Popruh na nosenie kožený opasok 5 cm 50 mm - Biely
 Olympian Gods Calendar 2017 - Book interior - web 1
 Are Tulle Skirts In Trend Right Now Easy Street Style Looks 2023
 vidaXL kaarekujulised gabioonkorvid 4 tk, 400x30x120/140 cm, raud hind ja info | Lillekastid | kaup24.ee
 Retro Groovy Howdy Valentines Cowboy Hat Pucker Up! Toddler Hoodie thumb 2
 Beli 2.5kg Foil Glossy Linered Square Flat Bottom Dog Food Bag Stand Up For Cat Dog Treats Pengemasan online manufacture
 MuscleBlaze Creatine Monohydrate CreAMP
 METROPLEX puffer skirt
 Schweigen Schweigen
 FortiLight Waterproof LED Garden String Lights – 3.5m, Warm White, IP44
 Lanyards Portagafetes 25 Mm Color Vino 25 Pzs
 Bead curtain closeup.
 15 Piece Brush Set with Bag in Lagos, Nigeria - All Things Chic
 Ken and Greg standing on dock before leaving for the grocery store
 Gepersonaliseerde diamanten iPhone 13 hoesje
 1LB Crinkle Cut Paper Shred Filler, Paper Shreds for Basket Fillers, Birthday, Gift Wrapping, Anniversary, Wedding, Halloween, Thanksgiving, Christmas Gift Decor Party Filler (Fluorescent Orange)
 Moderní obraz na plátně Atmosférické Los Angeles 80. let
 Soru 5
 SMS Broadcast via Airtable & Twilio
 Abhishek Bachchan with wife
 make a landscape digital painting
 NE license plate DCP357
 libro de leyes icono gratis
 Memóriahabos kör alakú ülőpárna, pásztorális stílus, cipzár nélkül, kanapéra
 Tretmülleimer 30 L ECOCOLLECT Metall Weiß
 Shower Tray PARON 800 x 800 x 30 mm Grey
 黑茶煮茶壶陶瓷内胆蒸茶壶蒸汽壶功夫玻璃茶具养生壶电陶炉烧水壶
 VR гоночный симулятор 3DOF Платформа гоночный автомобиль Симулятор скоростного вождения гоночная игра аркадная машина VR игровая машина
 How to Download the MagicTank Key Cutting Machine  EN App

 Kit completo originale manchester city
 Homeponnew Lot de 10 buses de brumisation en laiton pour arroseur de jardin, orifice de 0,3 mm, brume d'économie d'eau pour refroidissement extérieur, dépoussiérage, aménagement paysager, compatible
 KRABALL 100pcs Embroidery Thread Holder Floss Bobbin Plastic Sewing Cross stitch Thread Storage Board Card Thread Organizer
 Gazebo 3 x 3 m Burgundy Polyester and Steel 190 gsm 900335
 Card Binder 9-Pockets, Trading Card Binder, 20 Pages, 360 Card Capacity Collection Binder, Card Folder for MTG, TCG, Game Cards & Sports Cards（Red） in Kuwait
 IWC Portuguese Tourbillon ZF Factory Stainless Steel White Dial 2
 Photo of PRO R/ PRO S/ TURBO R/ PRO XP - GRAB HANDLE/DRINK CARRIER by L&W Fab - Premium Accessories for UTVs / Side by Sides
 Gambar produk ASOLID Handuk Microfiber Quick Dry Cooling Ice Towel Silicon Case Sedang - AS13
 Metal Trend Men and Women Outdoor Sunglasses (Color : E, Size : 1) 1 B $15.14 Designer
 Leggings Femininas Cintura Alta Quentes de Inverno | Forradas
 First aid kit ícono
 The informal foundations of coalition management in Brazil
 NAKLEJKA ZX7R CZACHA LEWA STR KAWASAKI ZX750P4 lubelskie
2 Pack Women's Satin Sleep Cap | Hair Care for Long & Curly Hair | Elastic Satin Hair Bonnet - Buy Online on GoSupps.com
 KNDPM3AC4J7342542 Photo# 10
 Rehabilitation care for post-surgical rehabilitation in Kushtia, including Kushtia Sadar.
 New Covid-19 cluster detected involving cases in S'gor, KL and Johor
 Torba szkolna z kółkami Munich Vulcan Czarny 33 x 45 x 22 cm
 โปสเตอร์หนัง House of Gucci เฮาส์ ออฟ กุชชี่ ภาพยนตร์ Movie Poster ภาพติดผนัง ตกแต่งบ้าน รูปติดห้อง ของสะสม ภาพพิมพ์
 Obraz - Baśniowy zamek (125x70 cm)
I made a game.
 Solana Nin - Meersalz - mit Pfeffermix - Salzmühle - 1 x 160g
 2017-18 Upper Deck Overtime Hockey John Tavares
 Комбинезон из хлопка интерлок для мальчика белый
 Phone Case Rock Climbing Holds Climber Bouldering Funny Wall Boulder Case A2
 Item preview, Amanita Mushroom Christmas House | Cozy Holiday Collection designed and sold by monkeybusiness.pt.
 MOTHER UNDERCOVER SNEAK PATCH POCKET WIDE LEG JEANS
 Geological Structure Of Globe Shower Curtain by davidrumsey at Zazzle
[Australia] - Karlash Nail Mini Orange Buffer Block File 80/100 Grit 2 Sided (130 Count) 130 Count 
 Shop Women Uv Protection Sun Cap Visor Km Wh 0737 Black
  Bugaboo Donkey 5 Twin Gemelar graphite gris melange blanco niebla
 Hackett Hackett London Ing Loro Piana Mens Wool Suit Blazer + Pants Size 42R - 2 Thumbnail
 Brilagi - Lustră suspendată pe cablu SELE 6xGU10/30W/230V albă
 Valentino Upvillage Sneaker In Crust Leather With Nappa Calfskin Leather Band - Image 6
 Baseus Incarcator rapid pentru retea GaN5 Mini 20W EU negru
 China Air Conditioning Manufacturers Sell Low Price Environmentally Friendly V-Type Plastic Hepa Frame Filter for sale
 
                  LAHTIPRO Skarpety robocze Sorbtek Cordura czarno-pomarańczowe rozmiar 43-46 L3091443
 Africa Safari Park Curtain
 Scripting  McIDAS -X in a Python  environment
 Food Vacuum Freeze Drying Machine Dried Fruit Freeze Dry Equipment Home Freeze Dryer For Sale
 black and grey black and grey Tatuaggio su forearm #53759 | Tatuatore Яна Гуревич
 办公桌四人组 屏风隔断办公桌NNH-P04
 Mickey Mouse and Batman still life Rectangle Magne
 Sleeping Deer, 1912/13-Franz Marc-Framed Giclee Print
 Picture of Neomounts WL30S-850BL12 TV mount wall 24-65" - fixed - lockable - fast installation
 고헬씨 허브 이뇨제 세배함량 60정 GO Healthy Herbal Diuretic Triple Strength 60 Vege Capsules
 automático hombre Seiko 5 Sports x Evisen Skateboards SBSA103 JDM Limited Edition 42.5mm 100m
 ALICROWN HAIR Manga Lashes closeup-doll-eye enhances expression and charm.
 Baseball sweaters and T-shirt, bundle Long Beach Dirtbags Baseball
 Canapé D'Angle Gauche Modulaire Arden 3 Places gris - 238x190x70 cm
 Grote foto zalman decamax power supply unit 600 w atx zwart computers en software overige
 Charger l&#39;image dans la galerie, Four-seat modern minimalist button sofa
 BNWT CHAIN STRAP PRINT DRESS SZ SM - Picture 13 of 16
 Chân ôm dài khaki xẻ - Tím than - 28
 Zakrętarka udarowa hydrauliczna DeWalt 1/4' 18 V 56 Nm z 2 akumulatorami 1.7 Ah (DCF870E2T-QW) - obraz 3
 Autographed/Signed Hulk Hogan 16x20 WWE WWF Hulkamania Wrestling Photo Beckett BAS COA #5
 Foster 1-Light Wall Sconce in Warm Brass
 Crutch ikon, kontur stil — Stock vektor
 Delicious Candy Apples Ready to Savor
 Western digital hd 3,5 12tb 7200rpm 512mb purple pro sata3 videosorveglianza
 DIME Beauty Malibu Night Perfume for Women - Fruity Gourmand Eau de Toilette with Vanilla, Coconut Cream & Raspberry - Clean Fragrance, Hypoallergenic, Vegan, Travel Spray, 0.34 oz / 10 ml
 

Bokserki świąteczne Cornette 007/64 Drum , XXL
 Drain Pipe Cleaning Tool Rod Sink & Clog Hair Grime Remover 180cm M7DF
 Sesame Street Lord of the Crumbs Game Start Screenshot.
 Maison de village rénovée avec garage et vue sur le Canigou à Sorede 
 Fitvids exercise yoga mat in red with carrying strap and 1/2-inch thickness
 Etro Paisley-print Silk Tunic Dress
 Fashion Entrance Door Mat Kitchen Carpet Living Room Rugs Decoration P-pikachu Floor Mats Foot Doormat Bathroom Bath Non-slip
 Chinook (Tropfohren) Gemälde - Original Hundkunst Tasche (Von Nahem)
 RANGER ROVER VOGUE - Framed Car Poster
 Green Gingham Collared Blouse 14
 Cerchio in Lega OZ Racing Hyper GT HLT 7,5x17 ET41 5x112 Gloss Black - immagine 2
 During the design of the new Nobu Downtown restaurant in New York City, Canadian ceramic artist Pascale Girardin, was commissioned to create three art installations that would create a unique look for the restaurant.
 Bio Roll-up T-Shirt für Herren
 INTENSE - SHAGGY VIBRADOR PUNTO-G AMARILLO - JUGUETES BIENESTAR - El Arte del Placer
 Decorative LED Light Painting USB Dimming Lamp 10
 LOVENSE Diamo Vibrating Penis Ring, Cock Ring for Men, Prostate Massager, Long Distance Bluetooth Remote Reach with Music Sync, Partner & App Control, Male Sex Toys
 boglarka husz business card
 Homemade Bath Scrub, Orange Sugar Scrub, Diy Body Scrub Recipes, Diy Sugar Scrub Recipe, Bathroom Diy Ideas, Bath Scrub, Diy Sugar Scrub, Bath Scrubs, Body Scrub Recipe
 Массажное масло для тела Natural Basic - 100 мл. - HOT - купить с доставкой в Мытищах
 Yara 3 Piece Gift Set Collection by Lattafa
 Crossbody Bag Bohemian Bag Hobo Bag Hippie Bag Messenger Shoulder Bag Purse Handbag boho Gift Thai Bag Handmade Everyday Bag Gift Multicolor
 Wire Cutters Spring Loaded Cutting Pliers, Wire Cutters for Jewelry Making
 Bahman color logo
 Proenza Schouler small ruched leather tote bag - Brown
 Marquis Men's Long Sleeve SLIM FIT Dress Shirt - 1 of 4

> **PROBLEM**: Which of the lines above carry the string "Sports"? Pick them out and copy them.

> **ANSWER AREA**:
 Card Binder 9-Pockets, Trading Card Binder, 20 Pages, 360 Card Capacity Collection Binder, Card Folder for MTG, TCG, Game Cards & Sports Cards（Red） in Kuwait
 automático hombre Seiko 5 Sports x Evisen Skateboards SBSA103 JDM Limited Edition 42.5mm 100m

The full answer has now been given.